Once a very low proximal suture line and healthy mitral valve tissues were identified, the team opted for a subannular Bentall procedure. In fact, it was decided not to reconstruct the annulus with a pericardial patch in order to avoid possible tension and retraction of the anterior mitral valve leaflet, thus causing severe mitral regurgitation, and to avoid graft dehiscence because of the friable anatomical structures involved. The abscess was therefore kept draining outside into the pericardial cavity.

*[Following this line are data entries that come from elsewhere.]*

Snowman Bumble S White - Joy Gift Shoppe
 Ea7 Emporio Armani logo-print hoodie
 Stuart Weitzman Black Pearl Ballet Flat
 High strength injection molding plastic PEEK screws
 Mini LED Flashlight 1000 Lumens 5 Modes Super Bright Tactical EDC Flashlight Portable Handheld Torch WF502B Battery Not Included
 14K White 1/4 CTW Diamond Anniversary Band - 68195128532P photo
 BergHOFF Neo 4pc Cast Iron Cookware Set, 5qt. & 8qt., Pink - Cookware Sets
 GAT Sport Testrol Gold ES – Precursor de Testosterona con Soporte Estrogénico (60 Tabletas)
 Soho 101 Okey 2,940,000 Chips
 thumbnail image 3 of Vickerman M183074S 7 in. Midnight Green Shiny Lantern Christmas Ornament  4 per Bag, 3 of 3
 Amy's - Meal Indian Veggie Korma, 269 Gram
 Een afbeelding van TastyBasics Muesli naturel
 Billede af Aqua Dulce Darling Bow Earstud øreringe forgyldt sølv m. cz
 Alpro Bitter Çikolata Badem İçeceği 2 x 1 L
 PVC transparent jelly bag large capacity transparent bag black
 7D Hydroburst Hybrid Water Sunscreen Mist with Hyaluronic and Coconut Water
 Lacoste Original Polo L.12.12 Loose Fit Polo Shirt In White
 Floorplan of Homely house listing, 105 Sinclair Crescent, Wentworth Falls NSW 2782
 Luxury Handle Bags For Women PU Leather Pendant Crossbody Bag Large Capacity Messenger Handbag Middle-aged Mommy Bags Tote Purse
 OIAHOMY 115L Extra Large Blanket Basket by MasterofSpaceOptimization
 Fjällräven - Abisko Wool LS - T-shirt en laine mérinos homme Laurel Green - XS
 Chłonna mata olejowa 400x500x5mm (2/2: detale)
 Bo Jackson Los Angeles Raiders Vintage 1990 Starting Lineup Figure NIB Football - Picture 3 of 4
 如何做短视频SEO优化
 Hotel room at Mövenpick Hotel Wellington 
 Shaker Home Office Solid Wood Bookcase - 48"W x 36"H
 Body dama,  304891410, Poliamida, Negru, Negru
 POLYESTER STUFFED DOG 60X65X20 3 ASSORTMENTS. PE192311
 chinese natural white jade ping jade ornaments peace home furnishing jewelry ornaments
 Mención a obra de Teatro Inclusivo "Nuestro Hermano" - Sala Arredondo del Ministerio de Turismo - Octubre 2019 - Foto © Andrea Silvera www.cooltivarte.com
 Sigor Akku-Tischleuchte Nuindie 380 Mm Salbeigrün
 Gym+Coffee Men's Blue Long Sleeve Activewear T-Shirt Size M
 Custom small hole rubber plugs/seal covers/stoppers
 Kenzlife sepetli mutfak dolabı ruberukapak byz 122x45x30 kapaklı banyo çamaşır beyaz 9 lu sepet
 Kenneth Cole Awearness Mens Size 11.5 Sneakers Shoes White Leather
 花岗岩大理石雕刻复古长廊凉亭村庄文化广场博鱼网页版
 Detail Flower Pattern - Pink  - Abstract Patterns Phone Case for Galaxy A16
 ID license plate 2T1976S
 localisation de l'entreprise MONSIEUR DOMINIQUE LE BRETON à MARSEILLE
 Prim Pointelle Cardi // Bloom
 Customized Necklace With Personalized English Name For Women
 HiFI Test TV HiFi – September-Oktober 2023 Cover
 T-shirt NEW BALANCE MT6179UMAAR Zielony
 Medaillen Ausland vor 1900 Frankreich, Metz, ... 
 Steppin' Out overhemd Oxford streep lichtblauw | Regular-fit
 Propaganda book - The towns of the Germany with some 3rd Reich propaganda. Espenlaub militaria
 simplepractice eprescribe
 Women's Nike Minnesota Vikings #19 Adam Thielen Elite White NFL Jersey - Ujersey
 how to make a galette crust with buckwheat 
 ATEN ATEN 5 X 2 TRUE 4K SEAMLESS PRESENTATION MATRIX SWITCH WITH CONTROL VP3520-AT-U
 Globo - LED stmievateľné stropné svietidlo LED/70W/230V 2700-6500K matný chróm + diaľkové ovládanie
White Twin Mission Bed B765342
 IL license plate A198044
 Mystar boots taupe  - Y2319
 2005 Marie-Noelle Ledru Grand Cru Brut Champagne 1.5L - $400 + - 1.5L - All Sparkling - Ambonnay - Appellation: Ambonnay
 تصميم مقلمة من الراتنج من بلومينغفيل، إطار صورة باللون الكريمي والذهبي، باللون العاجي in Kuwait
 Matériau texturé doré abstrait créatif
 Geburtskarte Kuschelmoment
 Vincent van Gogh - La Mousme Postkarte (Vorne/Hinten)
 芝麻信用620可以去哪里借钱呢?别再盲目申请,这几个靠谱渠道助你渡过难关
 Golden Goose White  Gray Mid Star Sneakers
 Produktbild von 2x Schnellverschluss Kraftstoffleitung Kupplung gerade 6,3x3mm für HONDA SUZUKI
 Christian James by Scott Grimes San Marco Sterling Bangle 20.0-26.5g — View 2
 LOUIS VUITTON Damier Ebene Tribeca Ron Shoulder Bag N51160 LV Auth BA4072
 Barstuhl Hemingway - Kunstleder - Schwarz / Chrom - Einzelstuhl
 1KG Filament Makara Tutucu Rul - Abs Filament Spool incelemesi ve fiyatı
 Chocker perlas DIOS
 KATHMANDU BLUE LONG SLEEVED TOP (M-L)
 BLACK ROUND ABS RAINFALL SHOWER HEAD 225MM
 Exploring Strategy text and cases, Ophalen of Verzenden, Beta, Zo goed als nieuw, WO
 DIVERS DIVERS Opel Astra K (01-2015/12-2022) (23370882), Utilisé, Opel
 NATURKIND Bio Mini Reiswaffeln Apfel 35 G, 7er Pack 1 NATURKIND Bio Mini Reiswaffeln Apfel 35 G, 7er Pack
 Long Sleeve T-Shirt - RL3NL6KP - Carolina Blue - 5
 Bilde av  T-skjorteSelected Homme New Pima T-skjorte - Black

Thanks to this kind of intervention, the patient could be treated without having to undergo a much more destructive and complex surgery such as the commando procedure.

Next, coronary buttons were reimplanted with a 6-0 polypropylene running suture after making holes in the conduit with a cautery. The conduit was then sutured to the distal aorta with a 4-0 polypropylene running suture. Intervention was then completed in the usual fashion.

The postoperative course was uneventful, and the patient was discharged after seven days. A postoperative echocardiogram showed good results with normal function of aortic prosthesis, a mild mitral regurgitation, and a complete exclusion of the pseudoaneurysm.